On the way home Mary Adair asked if we could go to the zoo some time. So I took them on our regular zoo trip Sunday morning. It was a little cool and we got there right when it opened so for an hour or so we had the place to ourselves. All in all a great weekend.
Weekends like these, with perfect weather, fun events, and lots of time together are actually pretty easy to come by in Columbia. It isn’t the biggest city or the most cosmopolitan, or the hippest, or most progressive, but if you are interested in making the best of it, it’s a nice place to live. I mean where else can you live where when you say “lettuce” to a one and a half year-old they perk up, start shouting “Giraffe, Giraffe!”, and look for a giraffe to feed.
Sure, if you want to discuss its faults, I won’t argue with you. Ask anyone who has moved away, Columbia is far from perfect. But maybe most things in life are like that. There is good and there is bad and you have to decide what you want to focus on. You don’t add them up or put them on some sort of scale, you decide.
Having ALS sucks. Right now its effects are still annoying. I can’t carry two beers at a time at a festival. If Mary Adair takes her shoes off at the zoo or the park, I struggle to get them back on. Thinking about what the future holds is scary as hell both for what having ALS means for me, but also what it will mean for those around me. However, life is great. It’s an easy decision. Life is great.
People ask if I think it is unfair that I have ALS. I don’t know, fairness is not for me to judge. I have never expected life to be fair. Look at my life before getting ALS. Was there anything fair about it? I grew up in a great family. Went to one of the best public high schools in the country. Went to Princeton. Made amazing friends. Lived in Florida close to the water. Met my wife late night at a bar (Q: who meets their spouse at a bar? A: Someone who spends too much time at bars…). A year traveling in Latin America. Grad school at Duke. Married in a beautiful chapel surrounded by amazing people, who celebrated by making it one hell of a party. Moved to SC. Two healthy, amazing kids. That isn’t fair! Life is not fair and isn’t supposed to be fair. You are supposed to do what you can with what you are given.

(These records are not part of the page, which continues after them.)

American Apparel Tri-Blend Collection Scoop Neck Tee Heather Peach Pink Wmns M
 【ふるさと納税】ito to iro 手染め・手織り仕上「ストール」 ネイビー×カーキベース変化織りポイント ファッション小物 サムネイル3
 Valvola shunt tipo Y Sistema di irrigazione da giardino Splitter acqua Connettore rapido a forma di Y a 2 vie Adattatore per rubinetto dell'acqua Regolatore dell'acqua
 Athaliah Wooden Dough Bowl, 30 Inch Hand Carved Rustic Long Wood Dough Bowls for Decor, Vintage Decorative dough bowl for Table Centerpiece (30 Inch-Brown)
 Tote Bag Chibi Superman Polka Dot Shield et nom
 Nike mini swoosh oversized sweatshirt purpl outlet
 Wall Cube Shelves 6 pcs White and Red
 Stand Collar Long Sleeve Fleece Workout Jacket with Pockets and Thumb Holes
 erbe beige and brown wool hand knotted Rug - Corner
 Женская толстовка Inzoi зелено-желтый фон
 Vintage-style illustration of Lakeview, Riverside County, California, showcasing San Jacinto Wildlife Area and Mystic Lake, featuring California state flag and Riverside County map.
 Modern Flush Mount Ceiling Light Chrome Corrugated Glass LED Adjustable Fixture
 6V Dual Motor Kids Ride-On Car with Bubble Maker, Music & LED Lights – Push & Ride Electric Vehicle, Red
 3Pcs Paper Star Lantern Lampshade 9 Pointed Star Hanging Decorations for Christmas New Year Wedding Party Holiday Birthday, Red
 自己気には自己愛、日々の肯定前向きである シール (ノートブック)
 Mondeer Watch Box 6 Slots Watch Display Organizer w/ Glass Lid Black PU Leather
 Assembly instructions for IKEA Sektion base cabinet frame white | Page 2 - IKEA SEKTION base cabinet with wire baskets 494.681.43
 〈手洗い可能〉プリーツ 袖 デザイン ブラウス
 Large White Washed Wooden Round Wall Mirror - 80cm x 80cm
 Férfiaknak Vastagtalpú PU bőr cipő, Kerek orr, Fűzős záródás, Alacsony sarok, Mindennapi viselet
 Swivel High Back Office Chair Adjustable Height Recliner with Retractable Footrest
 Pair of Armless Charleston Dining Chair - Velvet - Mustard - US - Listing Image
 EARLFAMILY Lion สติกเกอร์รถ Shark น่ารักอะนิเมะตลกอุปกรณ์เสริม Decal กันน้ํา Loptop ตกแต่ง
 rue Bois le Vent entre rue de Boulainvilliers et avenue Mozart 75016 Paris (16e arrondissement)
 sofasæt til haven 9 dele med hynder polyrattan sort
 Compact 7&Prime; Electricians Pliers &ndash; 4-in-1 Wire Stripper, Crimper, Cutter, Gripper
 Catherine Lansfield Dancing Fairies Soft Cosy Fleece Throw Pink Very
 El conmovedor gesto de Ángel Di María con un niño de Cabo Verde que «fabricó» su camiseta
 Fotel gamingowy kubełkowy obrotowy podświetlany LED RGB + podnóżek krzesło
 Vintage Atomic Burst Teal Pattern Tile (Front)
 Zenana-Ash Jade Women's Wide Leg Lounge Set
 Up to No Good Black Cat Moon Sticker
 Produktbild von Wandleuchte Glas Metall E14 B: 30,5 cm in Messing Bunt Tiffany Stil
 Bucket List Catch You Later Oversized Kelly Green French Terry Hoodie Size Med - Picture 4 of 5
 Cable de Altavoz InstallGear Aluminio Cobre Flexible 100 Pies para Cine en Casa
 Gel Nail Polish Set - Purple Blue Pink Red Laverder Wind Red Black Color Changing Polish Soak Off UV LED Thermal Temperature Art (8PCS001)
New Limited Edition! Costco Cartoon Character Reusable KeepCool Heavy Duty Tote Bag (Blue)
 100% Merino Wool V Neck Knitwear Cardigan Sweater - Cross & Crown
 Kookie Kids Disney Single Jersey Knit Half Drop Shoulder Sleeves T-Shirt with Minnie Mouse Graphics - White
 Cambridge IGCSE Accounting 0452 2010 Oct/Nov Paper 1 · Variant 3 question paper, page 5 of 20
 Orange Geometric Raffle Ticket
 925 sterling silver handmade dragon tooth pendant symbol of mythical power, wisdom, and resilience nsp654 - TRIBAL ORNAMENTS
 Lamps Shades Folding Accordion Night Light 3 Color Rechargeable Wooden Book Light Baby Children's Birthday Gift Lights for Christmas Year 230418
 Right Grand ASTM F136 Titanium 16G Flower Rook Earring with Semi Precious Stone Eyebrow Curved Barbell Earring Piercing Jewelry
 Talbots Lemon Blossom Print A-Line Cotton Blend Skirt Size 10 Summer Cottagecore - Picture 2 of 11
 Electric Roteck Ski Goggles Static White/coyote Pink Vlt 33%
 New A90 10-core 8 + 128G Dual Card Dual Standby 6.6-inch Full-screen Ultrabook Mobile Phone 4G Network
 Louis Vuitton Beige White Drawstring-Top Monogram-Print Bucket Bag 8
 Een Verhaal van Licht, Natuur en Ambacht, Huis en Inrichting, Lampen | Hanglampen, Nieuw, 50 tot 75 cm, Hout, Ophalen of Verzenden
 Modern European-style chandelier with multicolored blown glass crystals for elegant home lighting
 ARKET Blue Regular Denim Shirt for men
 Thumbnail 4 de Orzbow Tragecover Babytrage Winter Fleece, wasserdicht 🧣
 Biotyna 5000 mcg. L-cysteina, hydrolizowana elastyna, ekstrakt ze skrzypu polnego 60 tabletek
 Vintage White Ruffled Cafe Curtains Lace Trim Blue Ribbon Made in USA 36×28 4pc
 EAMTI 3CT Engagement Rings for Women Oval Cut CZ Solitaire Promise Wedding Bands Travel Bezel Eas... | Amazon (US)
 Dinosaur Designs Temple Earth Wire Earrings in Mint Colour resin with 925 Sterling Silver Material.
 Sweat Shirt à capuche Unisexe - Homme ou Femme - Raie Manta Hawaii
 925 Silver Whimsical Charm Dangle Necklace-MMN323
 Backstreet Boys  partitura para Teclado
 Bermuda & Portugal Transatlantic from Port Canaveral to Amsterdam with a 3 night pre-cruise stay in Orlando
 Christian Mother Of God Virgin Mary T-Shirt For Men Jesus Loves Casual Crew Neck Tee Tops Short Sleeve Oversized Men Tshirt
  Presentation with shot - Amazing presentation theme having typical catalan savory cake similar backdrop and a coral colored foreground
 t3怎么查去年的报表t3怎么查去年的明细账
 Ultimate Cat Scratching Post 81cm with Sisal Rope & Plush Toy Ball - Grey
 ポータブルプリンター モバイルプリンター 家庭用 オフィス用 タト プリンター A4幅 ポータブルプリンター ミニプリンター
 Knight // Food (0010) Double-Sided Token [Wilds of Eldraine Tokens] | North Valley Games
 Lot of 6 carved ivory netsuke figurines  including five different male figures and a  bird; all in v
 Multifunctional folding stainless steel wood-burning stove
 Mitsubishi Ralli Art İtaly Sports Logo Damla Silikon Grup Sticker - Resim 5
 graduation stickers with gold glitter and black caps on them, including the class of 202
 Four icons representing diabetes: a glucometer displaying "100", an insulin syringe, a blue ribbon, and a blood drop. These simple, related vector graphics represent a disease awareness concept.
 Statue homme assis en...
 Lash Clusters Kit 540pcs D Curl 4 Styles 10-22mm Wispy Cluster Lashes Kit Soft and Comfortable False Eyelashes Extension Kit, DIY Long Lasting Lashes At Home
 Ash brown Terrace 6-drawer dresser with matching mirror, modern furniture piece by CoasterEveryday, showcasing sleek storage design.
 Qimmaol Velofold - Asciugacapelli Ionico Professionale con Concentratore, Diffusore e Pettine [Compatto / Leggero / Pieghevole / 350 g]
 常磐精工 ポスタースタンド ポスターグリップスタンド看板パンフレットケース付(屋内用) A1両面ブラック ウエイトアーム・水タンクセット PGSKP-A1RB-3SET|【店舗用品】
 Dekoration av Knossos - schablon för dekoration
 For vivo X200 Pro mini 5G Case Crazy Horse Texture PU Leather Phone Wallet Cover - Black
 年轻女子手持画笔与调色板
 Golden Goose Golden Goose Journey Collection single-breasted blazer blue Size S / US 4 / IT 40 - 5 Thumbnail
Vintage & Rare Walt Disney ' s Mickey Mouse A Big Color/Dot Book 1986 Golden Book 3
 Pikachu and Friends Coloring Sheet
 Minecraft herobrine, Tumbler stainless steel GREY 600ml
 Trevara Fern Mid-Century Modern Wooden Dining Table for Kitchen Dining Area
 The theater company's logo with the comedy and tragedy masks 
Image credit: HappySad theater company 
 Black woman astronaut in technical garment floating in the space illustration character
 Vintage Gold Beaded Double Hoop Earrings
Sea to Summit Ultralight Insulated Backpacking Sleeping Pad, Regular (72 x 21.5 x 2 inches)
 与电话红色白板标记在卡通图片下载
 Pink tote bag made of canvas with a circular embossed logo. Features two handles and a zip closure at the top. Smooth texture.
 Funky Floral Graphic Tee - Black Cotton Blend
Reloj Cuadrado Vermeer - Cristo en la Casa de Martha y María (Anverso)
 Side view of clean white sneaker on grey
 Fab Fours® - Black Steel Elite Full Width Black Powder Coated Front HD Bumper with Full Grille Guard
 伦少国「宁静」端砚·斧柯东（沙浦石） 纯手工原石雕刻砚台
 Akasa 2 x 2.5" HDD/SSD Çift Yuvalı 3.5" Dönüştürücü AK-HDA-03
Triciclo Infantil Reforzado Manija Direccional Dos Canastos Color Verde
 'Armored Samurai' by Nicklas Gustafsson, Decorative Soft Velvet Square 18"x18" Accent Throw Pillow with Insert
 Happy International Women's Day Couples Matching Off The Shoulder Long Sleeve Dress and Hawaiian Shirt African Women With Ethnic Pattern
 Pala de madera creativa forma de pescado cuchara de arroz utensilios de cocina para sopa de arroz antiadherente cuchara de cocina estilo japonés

So am I saying ALS evens the score? Of course not. There is no score. Nothing I did before was good enough to offset getting this diagnosis and nothing I did was bad enough to deserve it. Not even close.
I have hope for a cure or an effective treatment, not because I deserve it, but because I have hope. Because there are people working on things that can make a difference. Because there are incredibly compelling people raising money to make those things happen. Generous people making them possible. People who see areas where they can make a difference and act. Of course all living and future pALS deserve it, but so did so many in the past. Now it is just up to us to continue doing what we can.